The new book by Antonin Scalia and Bryan A. Garner is very sure of itself—in fact, far too much so.
It is tempting at this point in the analysis to move from the lapses in Justice Scalia’s latest book to the lapses in his general jurisprudence on the Court. But this detour would not be fully fair to co-author Garner, nor would it be fair to Scalia himself, whose book deserves to be judged on its own merits regardless of what one thinks of his overall body of work as a jurist, either in general or in the specific domains of statutory and constitutional interpretation. (For what it is worth, in my classroom, I point to several prominent Scalia opinions as exemplary, and to others as execrable.) William Blackstone himself, it is worth noting, did not make much of a mark on the bench, but did write a toweringly influential treatise. By contrast, Scalia’s body of work as a justice may well prove far more influential than his academic writings. He is no Blackstone—and nowhere is this more evident than in the part of his new book that purports to channel Blackstone.

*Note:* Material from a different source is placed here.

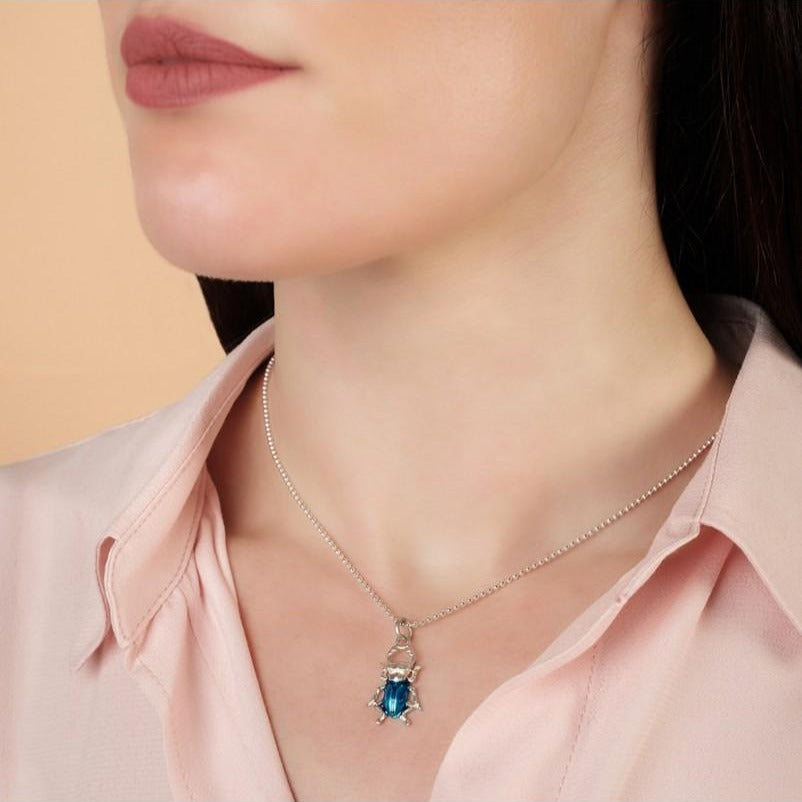 Colgante Blue Beetle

By misstating the venerable Blackstonian doctrine of absurdity, Scalia and Garner champion results that are, quite literally and precisely, absurd. Scalia and Garner’s mangling of some of Blackstone’s most notable passages raises questions about the general reliability of Reading Law as a work of sound scholarship. The book is undeniably ambitious. But is it perhaps too ambitious—too sure of itself, too quick to overlook important counterarguments and complicating evidence? Given the authors’ fondness for hoary Latin maxims, the two words that seem most appropriate, in light of the foregoing analysis, are caveat emptor.